■ **AIM OF THE EXERCISE**
Each record should be set down again so that it matches the original exactly.

Caption-style text data
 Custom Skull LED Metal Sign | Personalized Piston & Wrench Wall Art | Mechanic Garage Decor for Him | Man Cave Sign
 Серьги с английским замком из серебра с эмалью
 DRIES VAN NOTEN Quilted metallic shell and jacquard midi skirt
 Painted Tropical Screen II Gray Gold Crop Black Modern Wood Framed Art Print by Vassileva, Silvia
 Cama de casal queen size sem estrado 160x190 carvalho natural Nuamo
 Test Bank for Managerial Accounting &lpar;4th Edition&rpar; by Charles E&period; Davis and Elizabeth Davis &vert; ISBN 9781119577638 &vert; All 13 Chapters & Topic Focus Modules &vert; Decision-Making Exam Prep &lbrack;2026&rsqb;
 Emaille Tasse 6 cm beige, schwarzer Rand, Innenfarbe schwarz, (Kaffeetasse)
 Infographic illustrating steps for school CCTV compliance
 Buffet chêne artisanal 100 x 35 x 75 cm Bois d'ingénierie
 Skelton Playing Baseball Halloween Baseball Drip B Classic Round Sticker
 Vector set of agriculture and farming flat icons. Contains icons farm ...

■ **TASK RESULT**
 Custom Skull LED Metal Sign | Personalized Piston & Wrench Wall Art | Mechanic Garage Decor for Him | Man Cave Sign
 Серьги с английским замком из серебра с эмалью
 DRIES VAN NOTEN Quilted metallic shell and jacquard midi skirt
 Painted Tropical Screen II Gray Gold Crop Black Modern Wood Framed Art Print by Vassileva, Silvia
 Cama de casal queen size sem estrado 160x190 carvalho natural Nuamo
 Test Bank for Managerial Accounting &lpar;4th Edition&rpar; by Charles E&period; Davis and Elizabeth Davis &vert; ISBN 9781119577638 &vert; All 13 Chapters & Topic Focus Modules &vert; Decision-Making Exam Prep &lbrack;2026&rsqb;
 Emaille Tasse 6 cm beige, schwarzer Rand, Innenfarbe schwarz, (Kaffeetasse)
 Infographic illustrating steps for school CCTV compliance
 Buffet chêne artisanal 100 x 35 x 75 cm Bois d'ingénierie
 Skelton Playing Baseball Halloween Baseball Drip B Classic Round Sticker
 Vector set of agriculture and farming flat icons. Contains icons farm ...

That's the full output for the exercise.